Problem
Starting at the line that contains "En la iglesia" and stopping at the line that contains "BMW 5 Series 2011 - Image 12", transcribe every line of the material below exactly; pictures stay out.

Extracted data
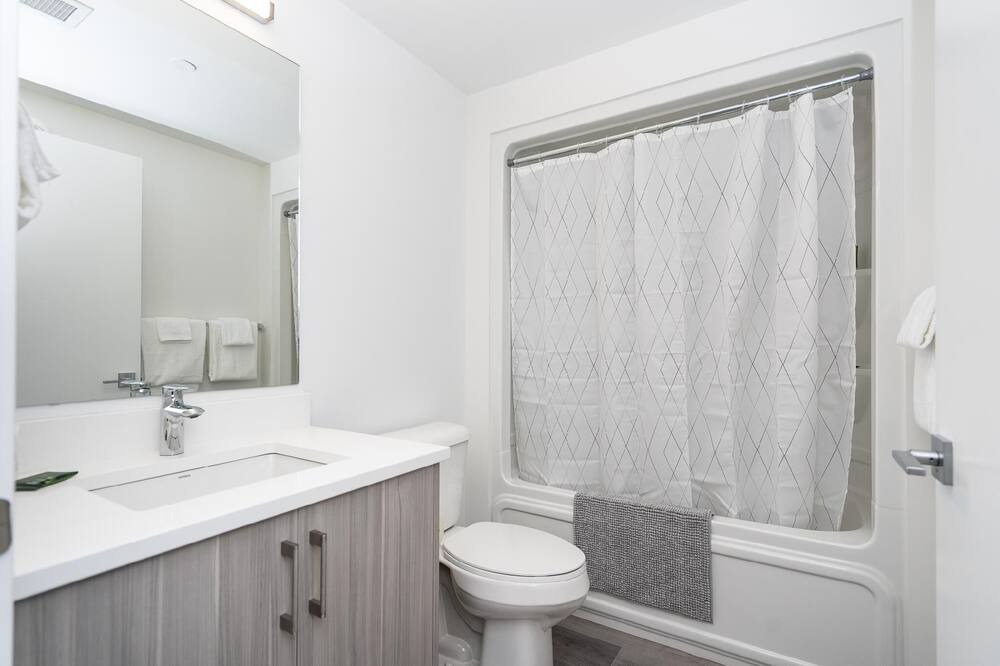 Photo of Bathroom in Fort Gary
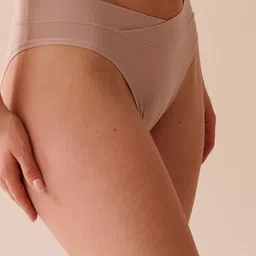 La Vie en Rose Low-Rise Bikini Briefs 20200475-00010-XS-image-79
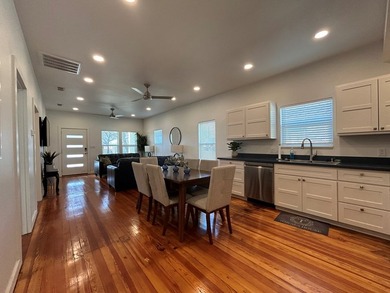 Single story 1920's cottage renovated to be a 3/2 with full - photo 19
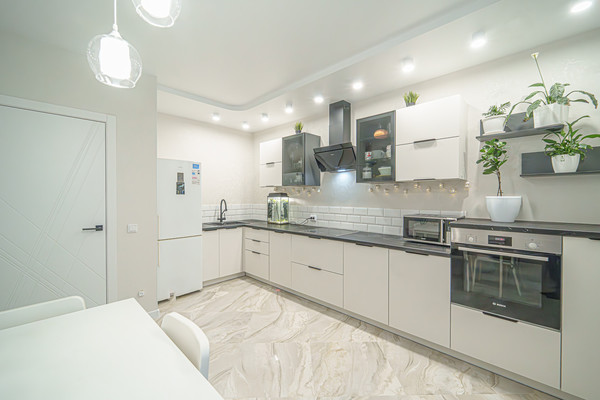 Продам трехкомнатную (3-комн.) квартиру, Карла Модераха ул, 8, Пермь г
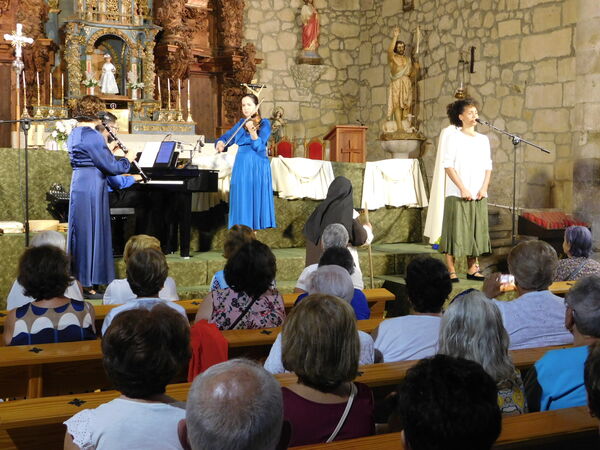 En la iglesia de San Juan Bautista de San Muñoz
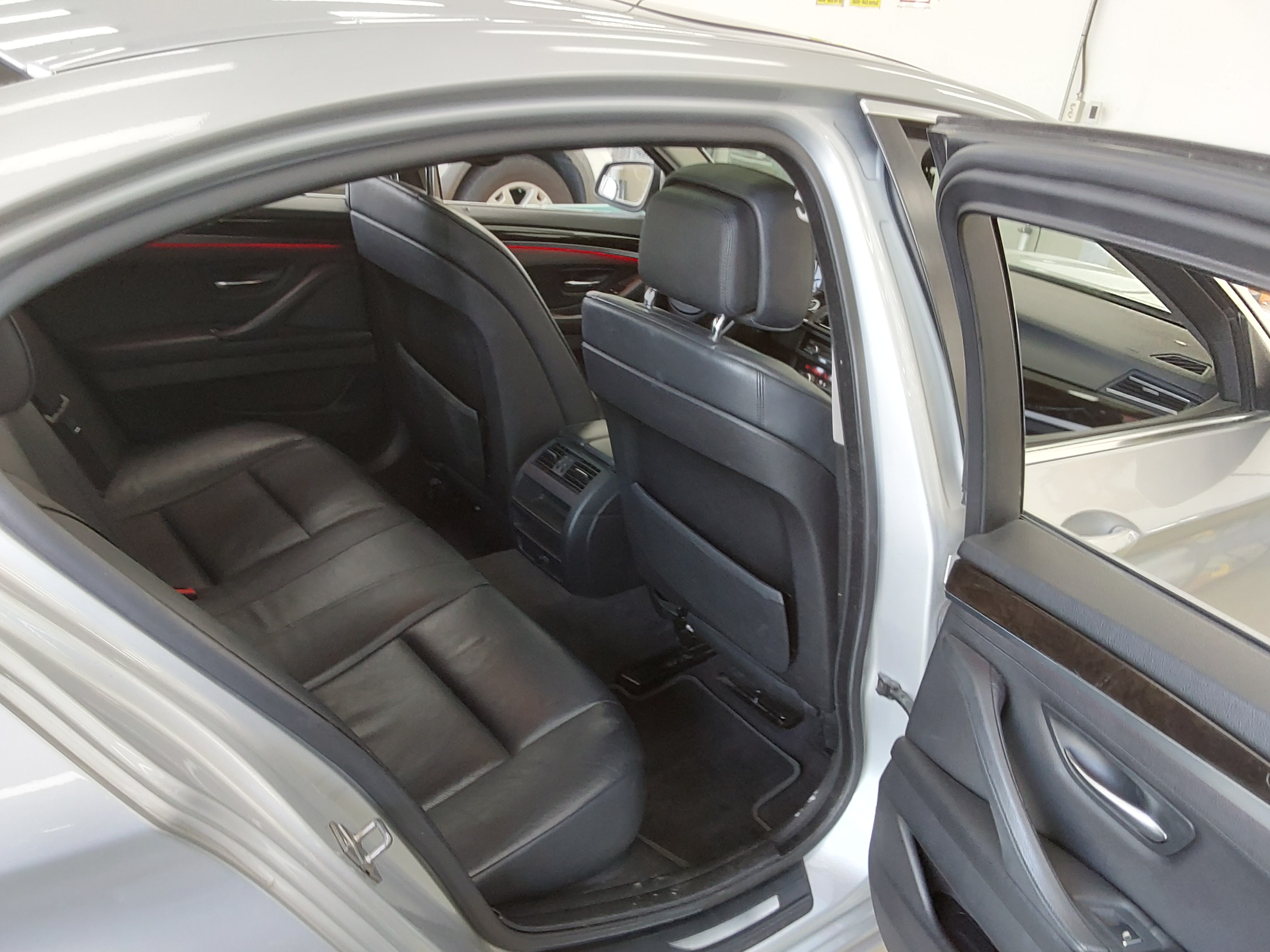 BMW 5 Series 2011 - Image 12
--
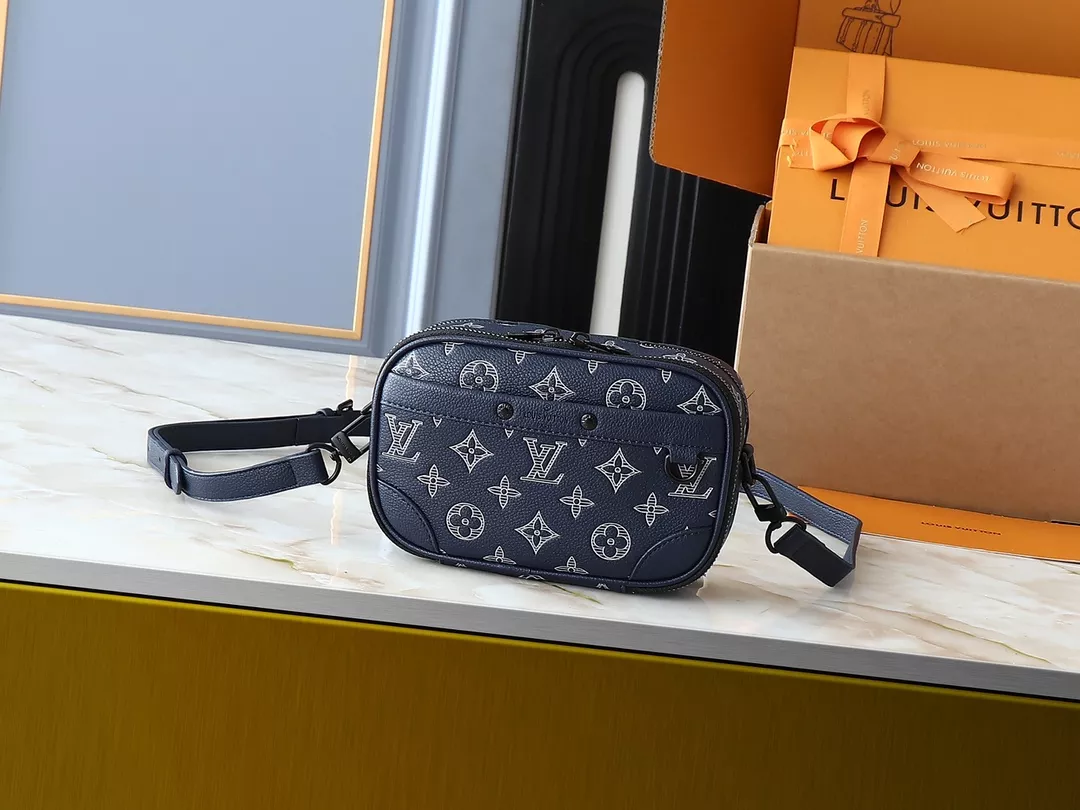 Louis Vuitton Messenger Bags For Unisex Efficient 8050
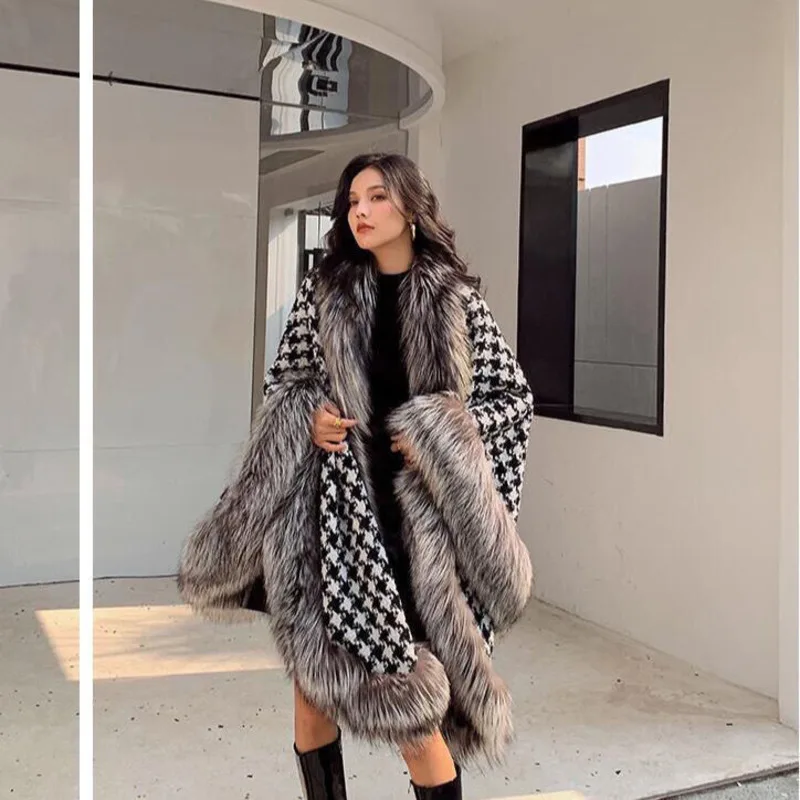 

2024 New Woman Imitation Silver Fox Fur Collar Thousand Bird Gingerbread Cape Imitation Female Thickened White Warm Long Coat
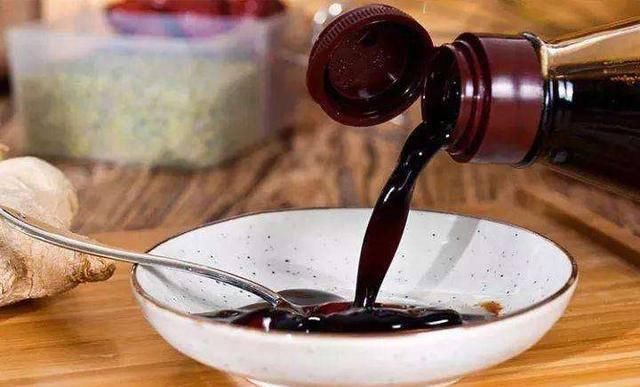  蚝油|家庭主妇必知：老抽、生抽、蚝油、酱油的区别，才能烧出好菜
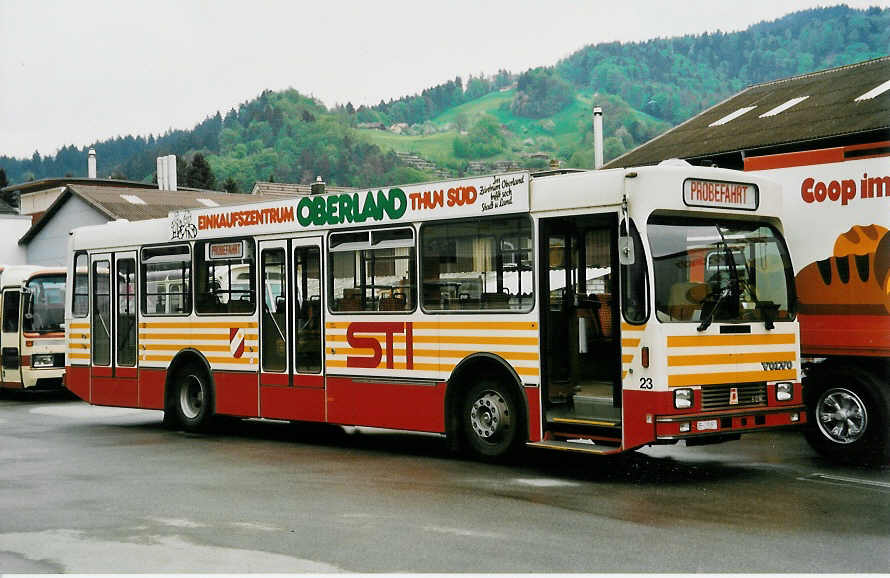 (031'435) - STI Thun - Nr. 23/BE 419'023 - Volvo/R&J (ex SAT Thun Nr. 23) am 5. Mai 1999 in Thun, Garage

Result of the exercise
 En la iglesia de San Juan Bautista de San Muñoz
 BMW 5 Series 2011 - Image 12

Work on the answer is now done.